» Instructions to follow
Transcribe the listing below exactly, leaving out each image.

» Provided material
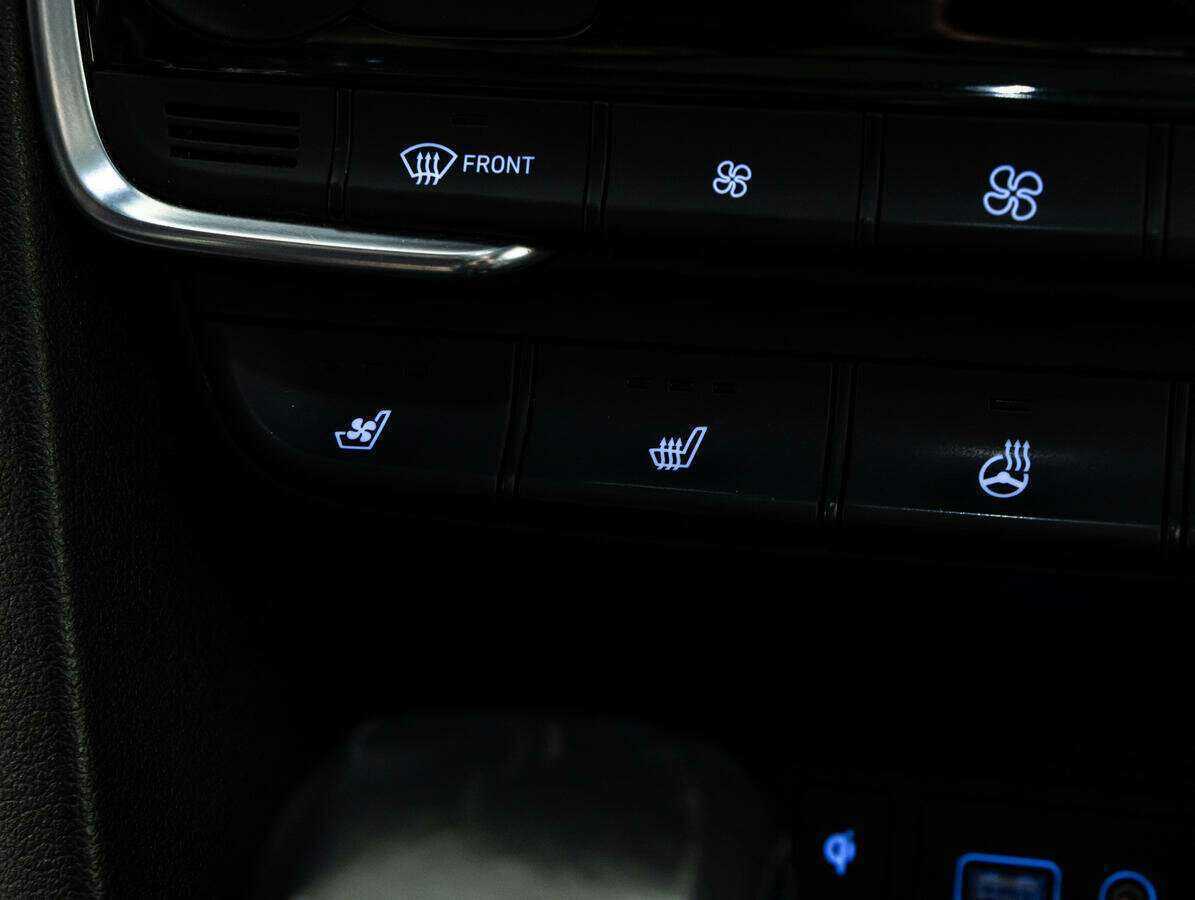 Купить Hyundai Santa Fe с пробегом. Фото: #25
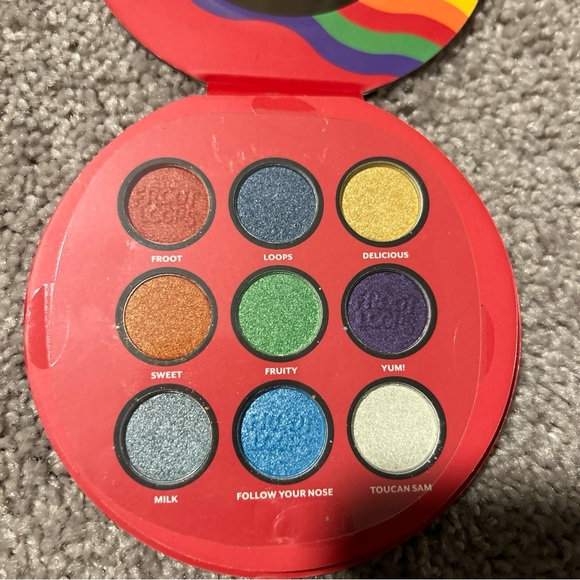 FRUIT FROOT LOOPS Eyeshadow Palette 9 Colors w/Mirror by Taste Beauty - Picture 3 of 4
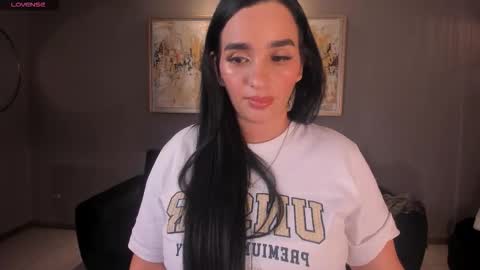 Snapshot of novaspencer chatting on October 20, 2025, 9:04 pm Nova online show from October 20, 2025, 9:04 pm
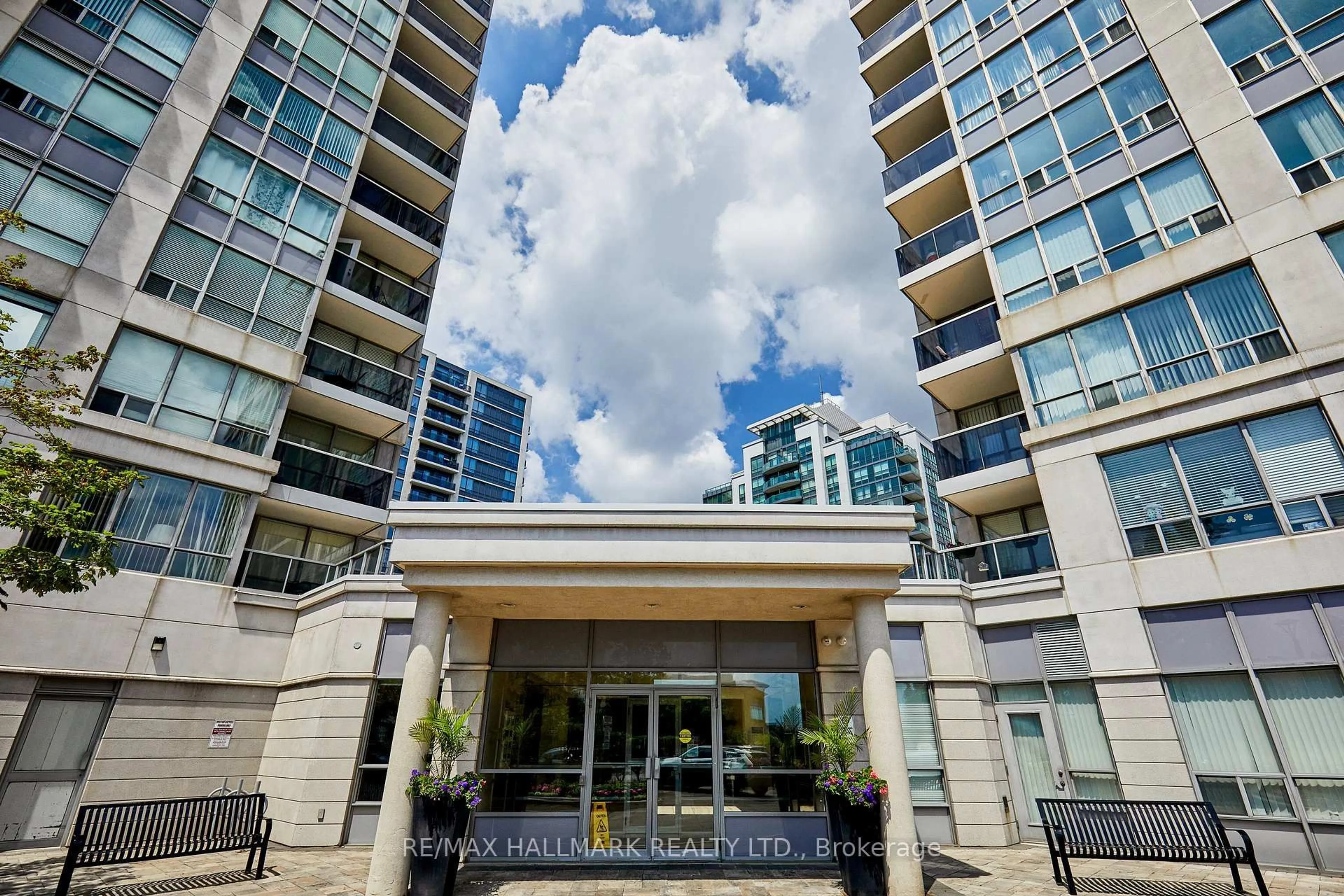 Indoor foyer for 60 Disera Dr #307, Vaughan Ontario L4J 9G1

» Output for this task
 Купить Hyundai Santa Fe с пробегом. Фото: #25
 FRUIT FROOT LOOPS Eyeshadow Palette 9 Colors w/Mirror by Taste Beauty - Picture 3 of 4
 Snapshot of novaspencer chatting on October 20, 2025, 9:04 pm Nova online show from October 20, 2025, 9:04 pm
 Indoor foyer for 60 Disera Dr #307, Vaughan Ontario L4J 9G1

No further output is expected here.